16572 pantsd [/private/tmp/4718b6d146634a66fe9c5e906d76e501] PANTS_BIN_NAME=./pants PANTS_DAEMON_ENTRYPOINT=pants.pantsd.pants_daemon:launch_new_pantsd_instance PYTHONPATH=/Users/huon/.cache/pants/setup/bootstrap-Darwin-arm64/pants.WxzanY/install/bin:/Users/huon/.pyenv/versions/3.9.10/lib/python39.zip:/Users/huon/.pyenv/versions/3.9.10/lib/python3.9:/Users/huon/.pyenv/versions/3.9.10/lib/python3.9/lib-dynload:/Users/huon/.cache/pants/setup/bootstrap-Darwin-arm64/2.14.0rc0_py39/lib/python3.9/site-packages ptr_munge= main_stack=
17420 /Users/huon/.cache/pants/named_caches/pex_root/venvs/s/ee77ea11/venv/bin/python3.9 -E -s -c from multiprocessing.resource_tracker import main;main(14)
17423 /Users/huon/.cache/pants/named_caches/pex_root/venvs/s/ee77ea11/venv/bin/python3.9 -E -s -c from multiprocessing.spawn import spawn_main; spawn_main(tracker_fd=18, pipe_handle=38) --multiprocessing-fork
17424 /Users/huon/.cache/pants/named_caches/pex_root/venvs/s/ee77ea11/venv/bin/python3.9 -E -s -c from multiprocessing.resource_tracker import main;main(14)
17425 /Users/huon/.cache/pants/named_caches/pex_root/venvs/s/ee77ea11/venv/bin/python3.9 -E -s -c from multiprocessing.spawn import spawn_main; spawn_main(tracker_fd=18, pipe_handle=43) --multiprocessing-fork
17426 /Users/huon/.cache/pants/named_caches/pex_root/venvs/s/ee77ea11/venv/bin/python3.9 -E -s -c from multiprocessing.spawn import spawn_main; spawn_main(tracker_fd=18, pipe_handle=48) --multiprocessing-fork
17427 /Users/huon/.cache/pants/named_caches/pex_root/venvs/s/ee77ea11/venv/bin/python3.9 -E -s -c from multiprocessing.spawn import spawn_main; spawn_main(tracker_fd=18, pipe_handle=53) --multiprocessing-fork
17428 /Users/huon/.cache/pants/named_caches/pex_root/venvs/s/ee77ea11/venv/bin/python3.9 -E -s -c from multiprocessing.spawn import spawn_main; spawn_main(tracker_fd=18, pipe_handle=38) --multiprocessing-fork
17429 /Users/huon/.cache/pants/named_caches/pex_root/venvs/s/ee77ea11/venv/bin/python3.9 -E -s -c from multiprocessing.spawn import spawn_main; spawn_main(tracker_fd=18, pipe_handle=43) --multiprocessing-fork

Note how the 3 separate lists of processes (starting with 16572 pantsd ...) change:

  1. before running anything: it's just pantsd
  2. directly after the ./pants fmt :: with retry: there's a bunch of extra processes associated with a named cache
  3. 5 seconds later: they're still there

If the touch files/f000.py is commented out, all of the process lists are the same as the first (just pantsd).

Pants version 2.14.0rc0

OS macOS

Additional info

Thanks for pants!

stuhood commented 2 years ago

Mm... sorry for the trouble.

This is because our local process sandbox doesn't use graceful shutdown for processes, and instead kills them immediately with SIGKILL.

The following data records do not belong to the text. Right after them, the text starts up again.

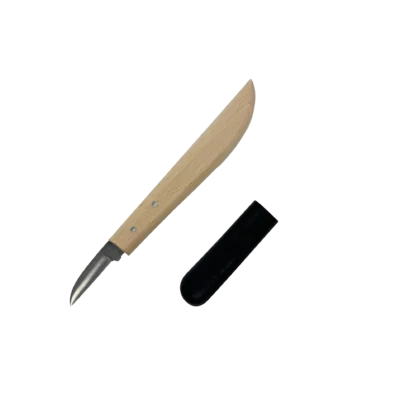 Entgratmesser Nr. 130 mit Holzgriff und schwarzer Kunstoffkappe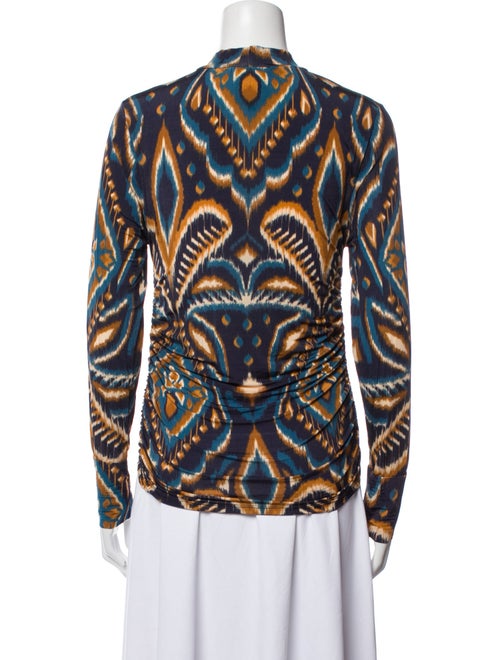 Farm Rio Printed Mock Neck Button-Up Top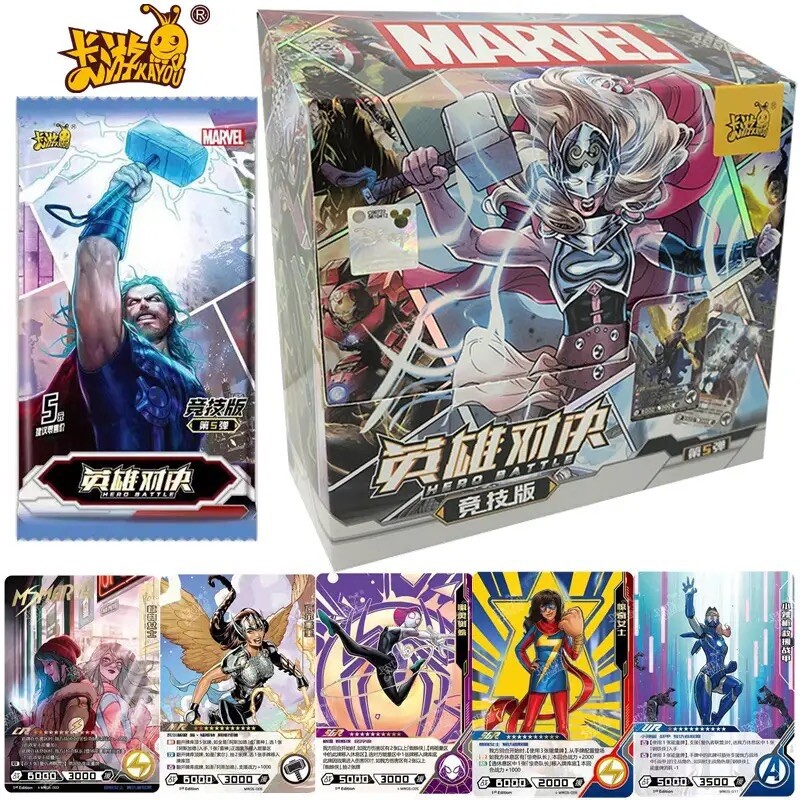 Kayou Disney Marvel Hero Battle Series 5 Trading Cards CCG Mighty Thor New Box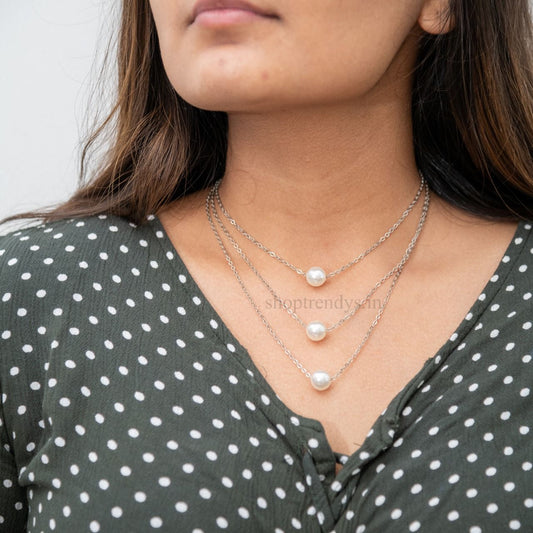 Pearl Chain Three Layered Women Necklace - Nimé By Shop Trendys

We do actually have an implementation of graceful shutdown: https://github.com/pantsbuild/pants/blob/db07a12dd55dd5d9bda5518ac91961720582f7c6/src/rust/engine/process_execution/src/children.rs#L12-L22 ... but it is only used for interactive processes currently.

Eric-Arellano commented 2 years ago

So it sounds like we should use that code with local process sandbox cleanup, too?

stuhood commented 2 years ago

So it sounds like we should use that code with local process sandbox cleanup, too?

Yea.

mbmccoy commented 11 months ago

I've got another use case for graceful shutdown of test targets in particular. I stand up database fixtures using docker containers during test runs (using pytest). Under normal circumstances, these are cleaned up when the tests exit, but when the tests restart due to file system changes, it can leave lingering docker containers running.

Pytest naturally handles SIGINT and runs fixture cleanup by default, so sending SIGINT should resolve my issue with out any additional code changes.

An additional useful feature request would allow adjustable time between the SIGINT and SIGKILL signals. Docker containers can take a while to tear down, so configuring the timeout in the BUILD files may be necessary to make this really work for my use case.